EXERCISE PROMPT: What are the lines from the top of the entries through the one with "Hotel De Sers photo 24"? Write them out exactly, with no pictures.

Records excerpted from a collection:
▬▬▬▬▬▬▬▬▬▬
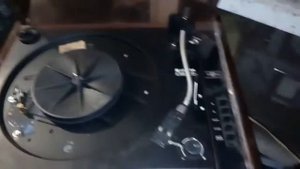 Электропроигрыватель "Вега 106 стерео" Быть или не быть?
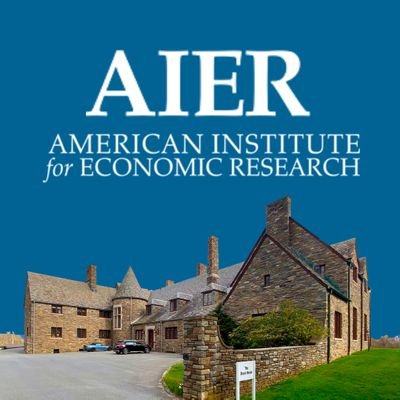 Logo of American Institute for Economic Research
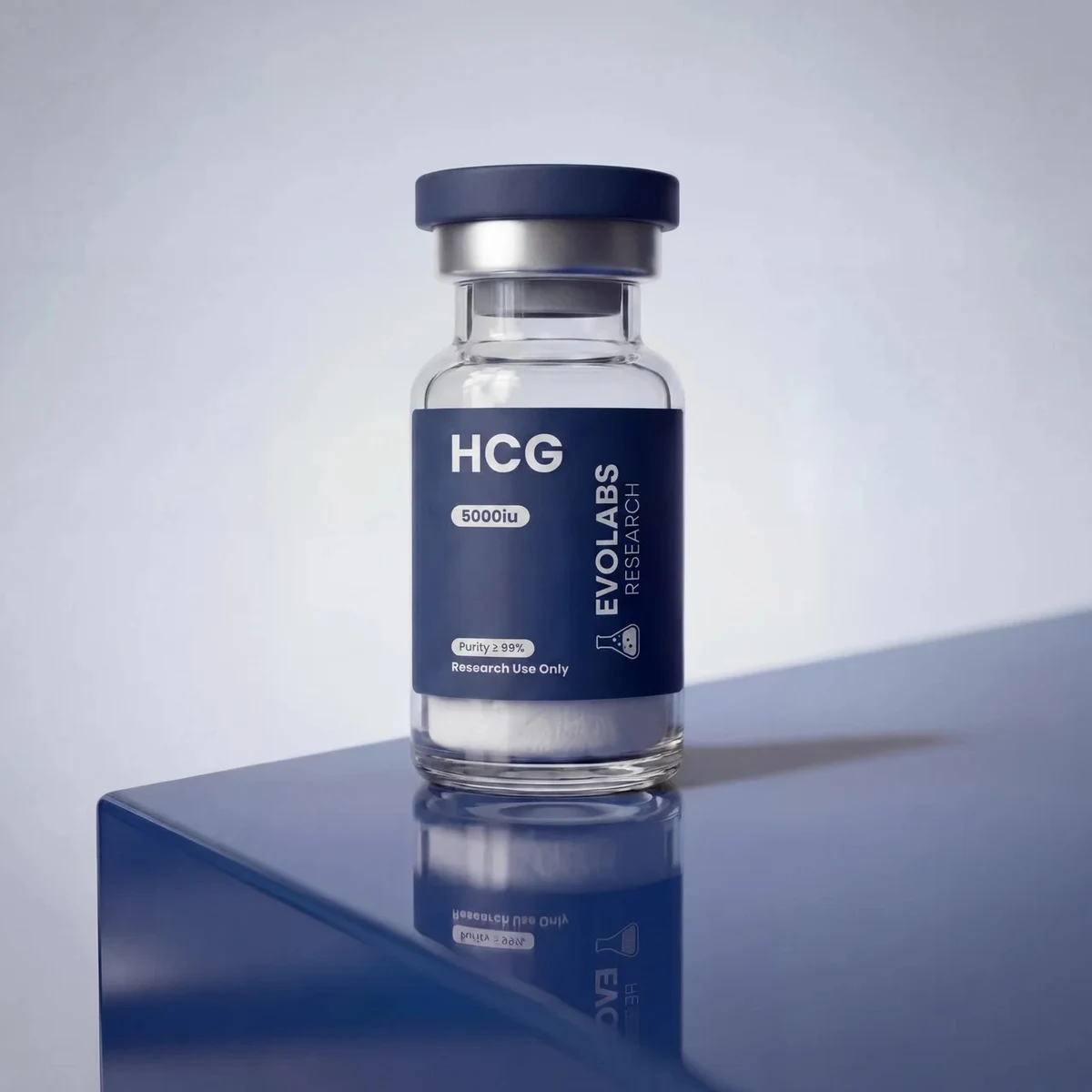 HCG 5000IU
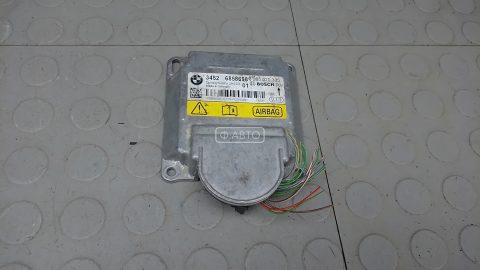 Блок управления airbag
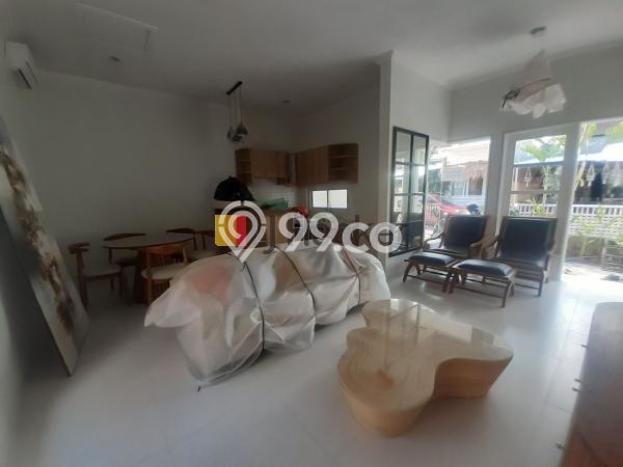 Rumah Sewa 2 Bedrooms Fully Furnised di Area Kerobokan Rumah Sewa 2 Bedrooms Fully Furnised di Area Kerobokan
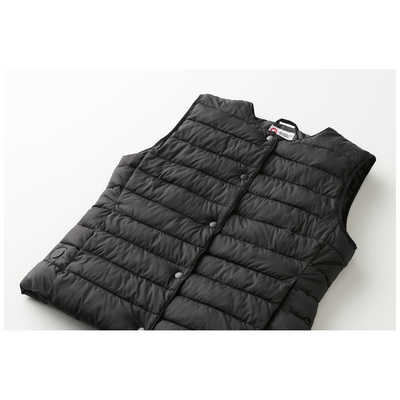 [アイリスオーヤマ] ウィメンズヒートベストセットGT21623-BKS ブラック Sサイズ アイリスオーヤマ IRIS OHYAMA ウィメンズヒートベストセットS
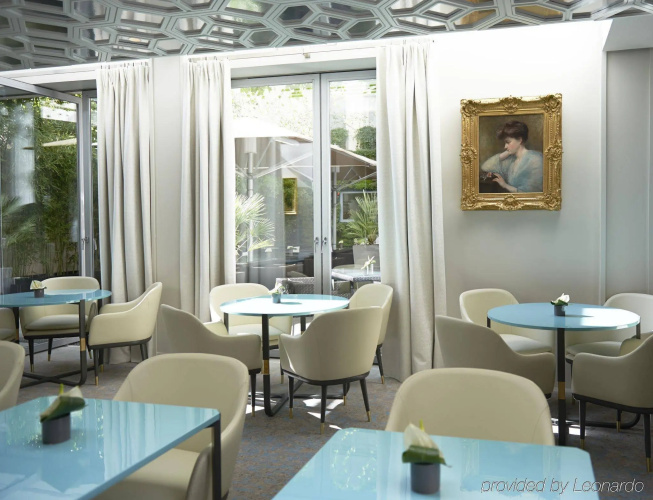 Hotel De Sers photo 24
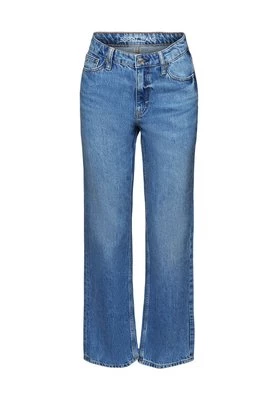 Jeansy Straight Leg Esprit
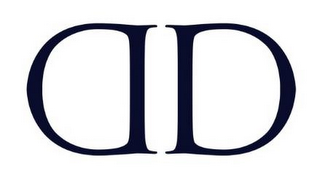 DD logo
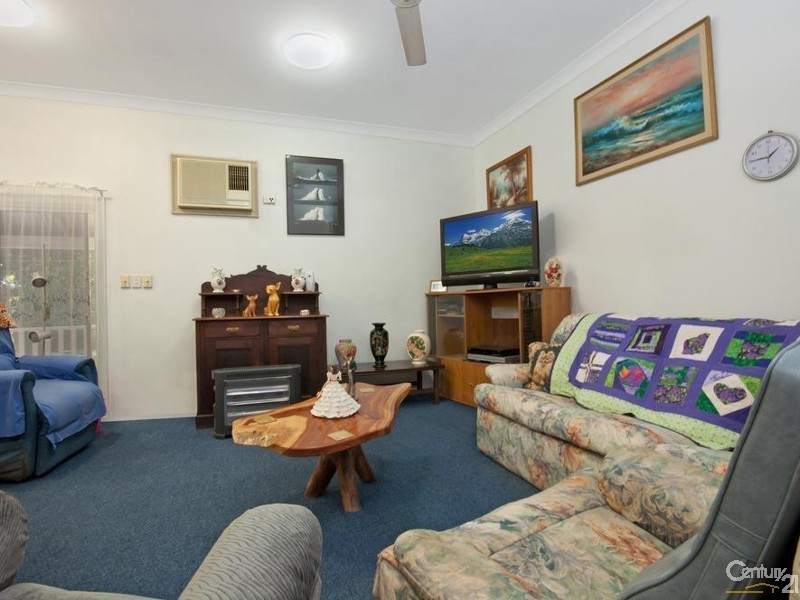 40 Highland Drive, Julatten QLD 4871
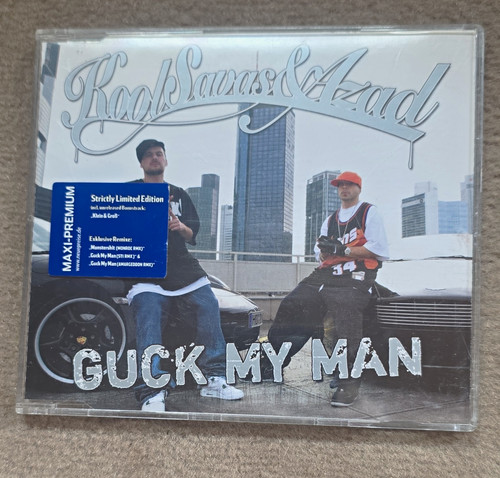 Kool savas guck - kool,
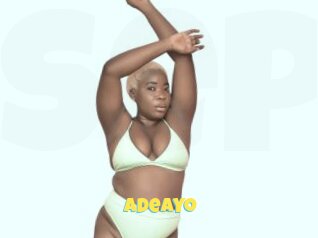 Adeayo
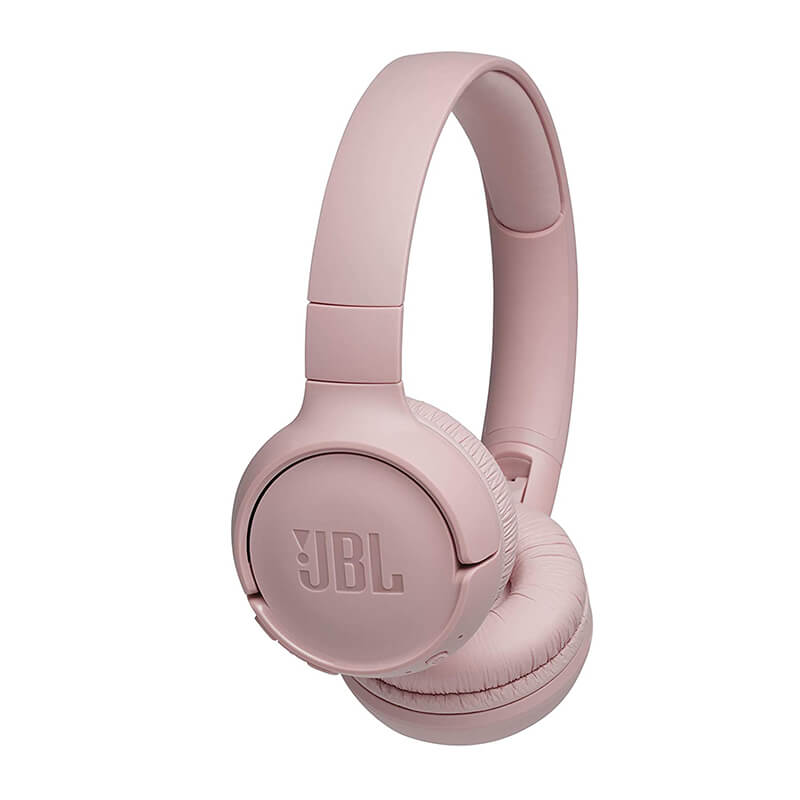 JBL Tune 500 BT Wireless On-Ear Headphone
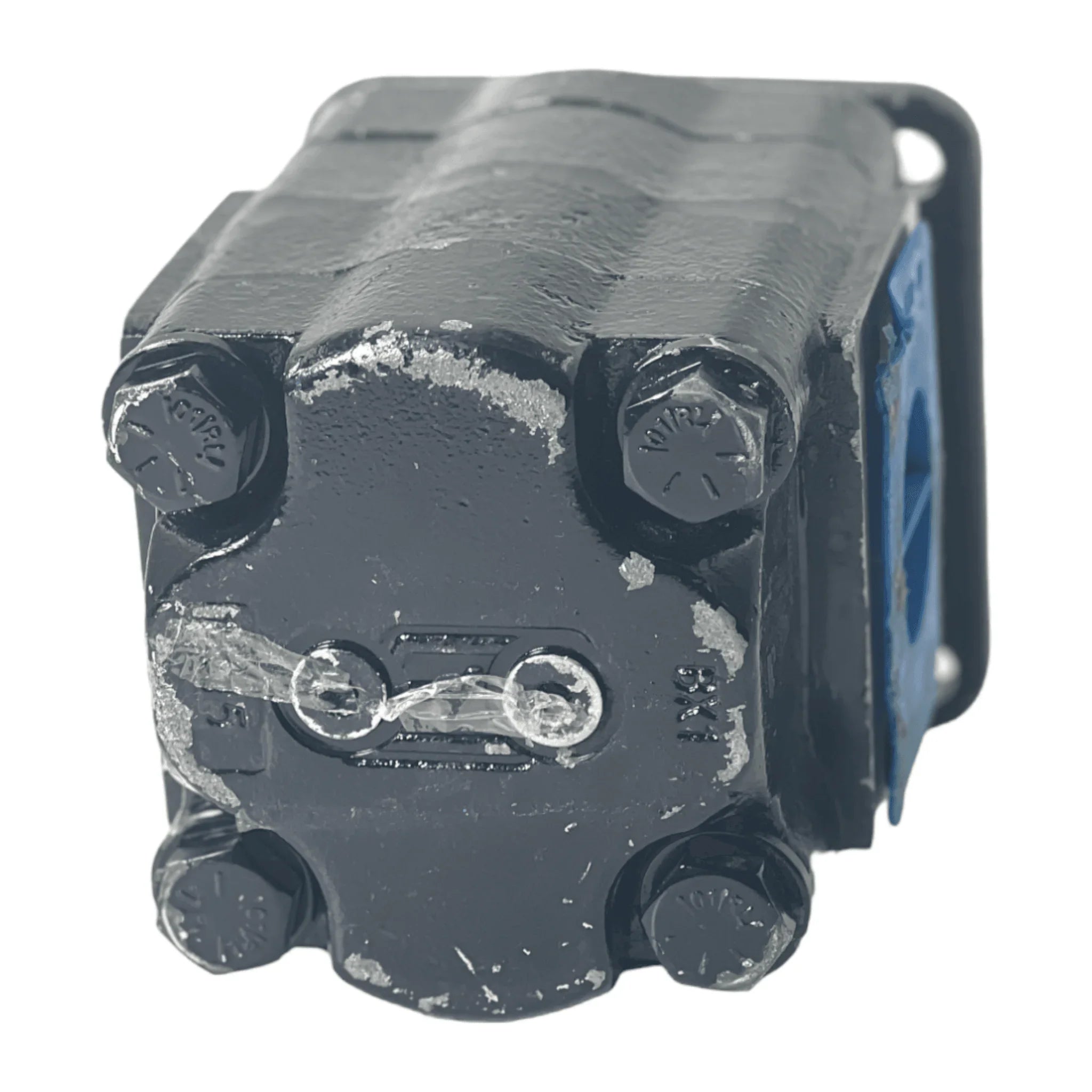 PTJ0122-00108 Genuine Parker Hydraulic Gear Pump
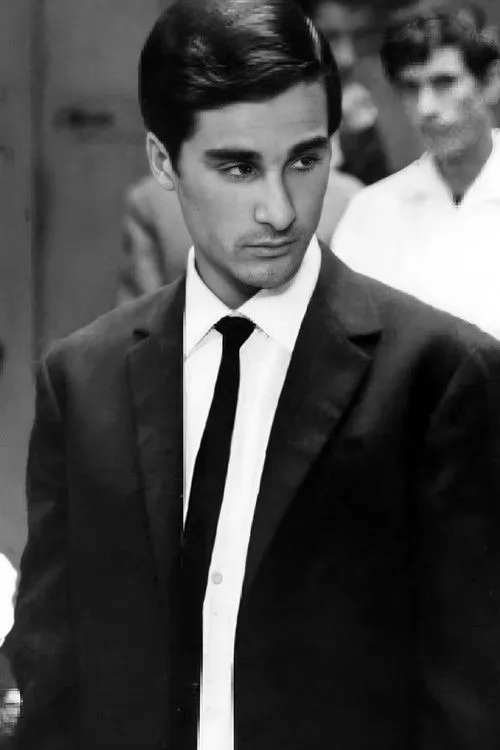 Profile photo of Abderrahmane Brahimi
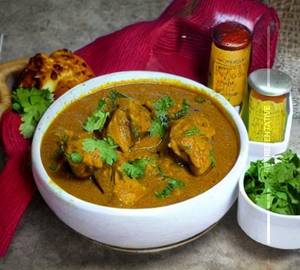 Chicken Korma 4Pc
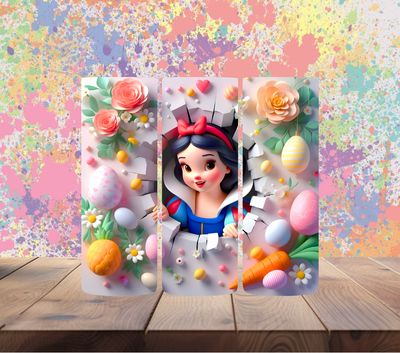 Alice in Wonderland Easter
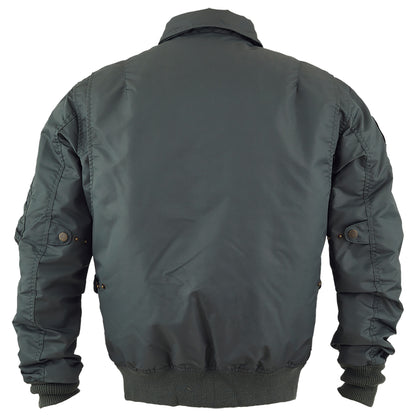 HTVA-2445W CWU-45/P M/C NYLON JACKET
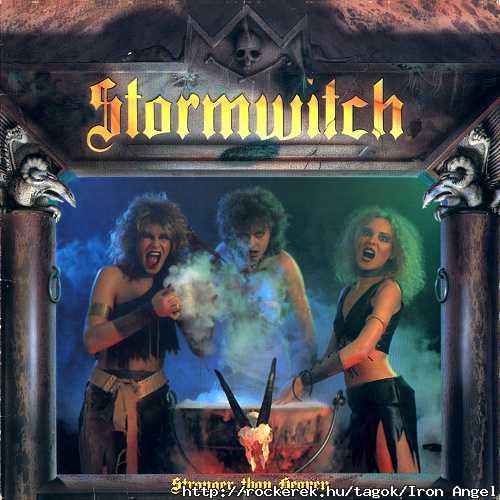 Stormwitch - Stronger Than Heaven - Front[1]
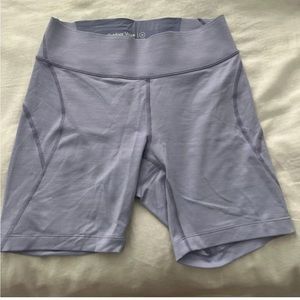 Outdoor Voices Bike Shorts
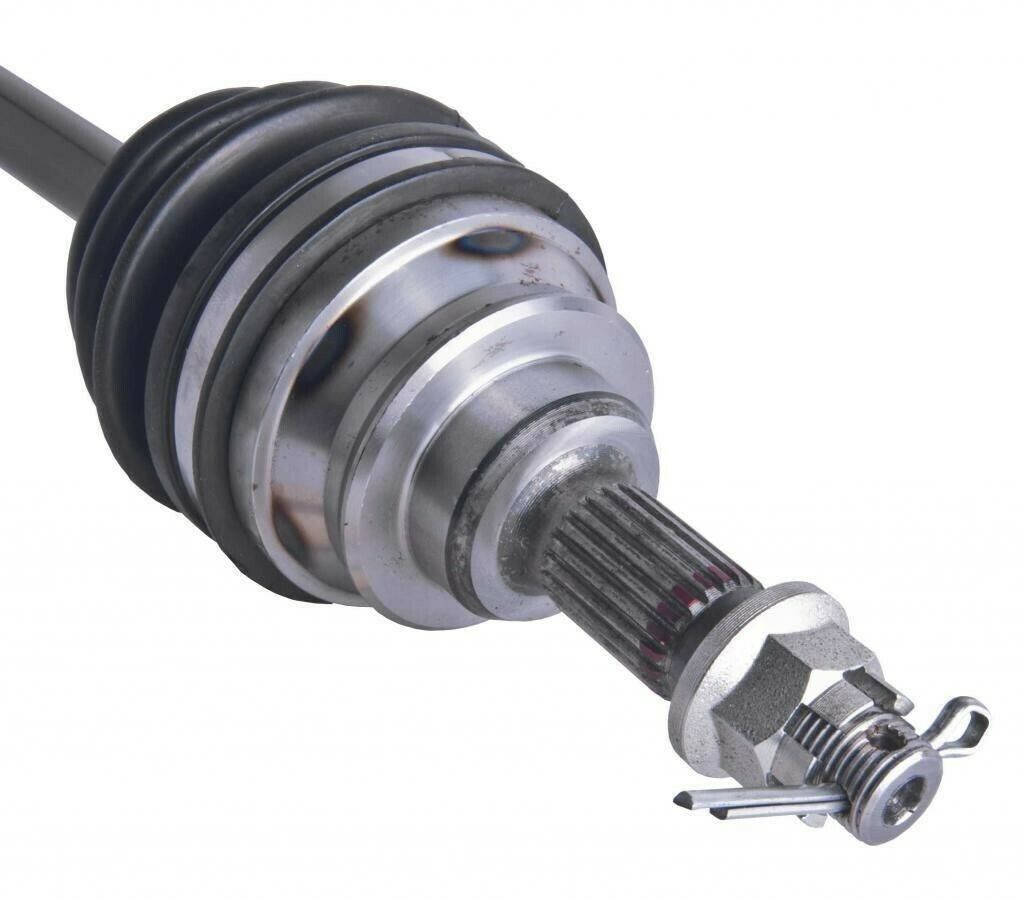Can Am Outlander 650 6X6 Middle Left Axle and Wheel Bearing Kit 2017-2018 - product view 3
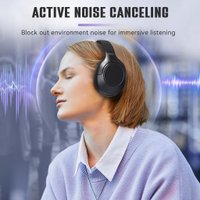 Наушники FIFINE X3 (черный)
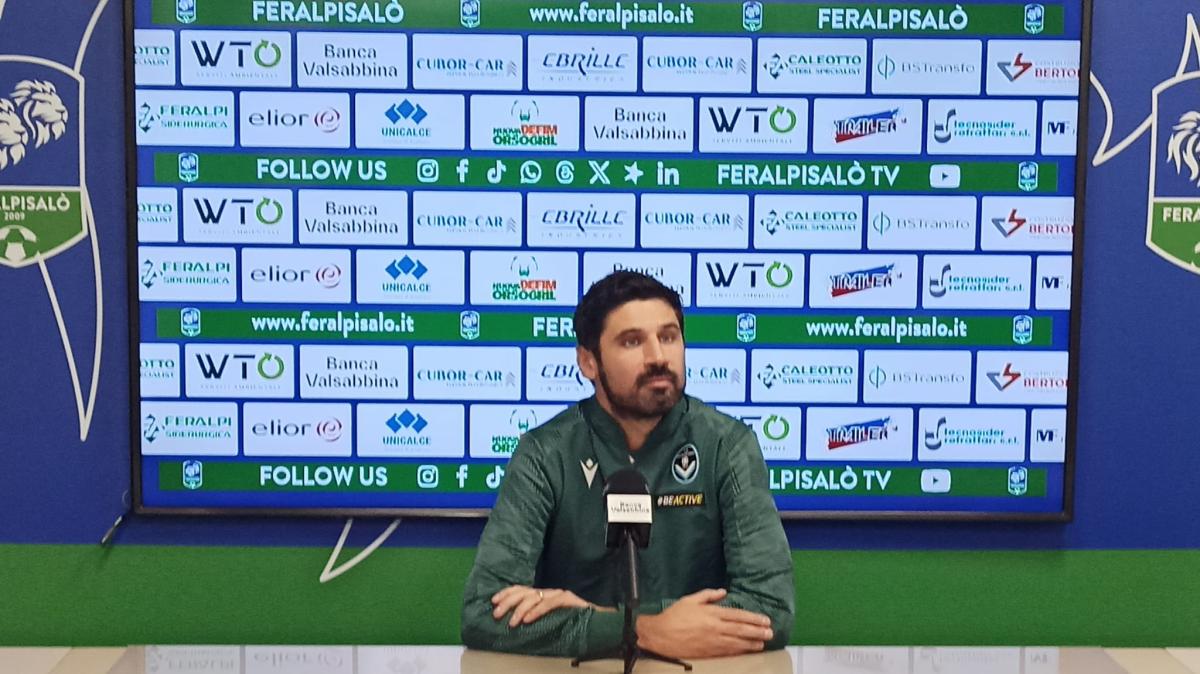 Frosinone-Virtus Entella, i convocati di Chiappella: tornano Bottaro, Benali e Mezzoni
▬▬▬▬▬▬▬▬▬▬
THE ANSWER:
 Электропроигрыватель "Вега 106 стерео" Быть или не быть?
 Logo of American Institute for Economic Research
 HCG 5000IU
 Блок управления airbag
 Rumah Sewa 2 Bedrooms Fully Furnised di Area Kerobokan Rumah Sewa 2 Bedrooms Fully Furnised di Area Kerobokan
 [アイリスオーヤマ] ウィメンズヒートベストセットGT21623-BKS ブラック Sサイズ アイリスオーヤマ IRIS OHYAMA ウィメンズヒートベストセットS
 Hotel De Sers photo 24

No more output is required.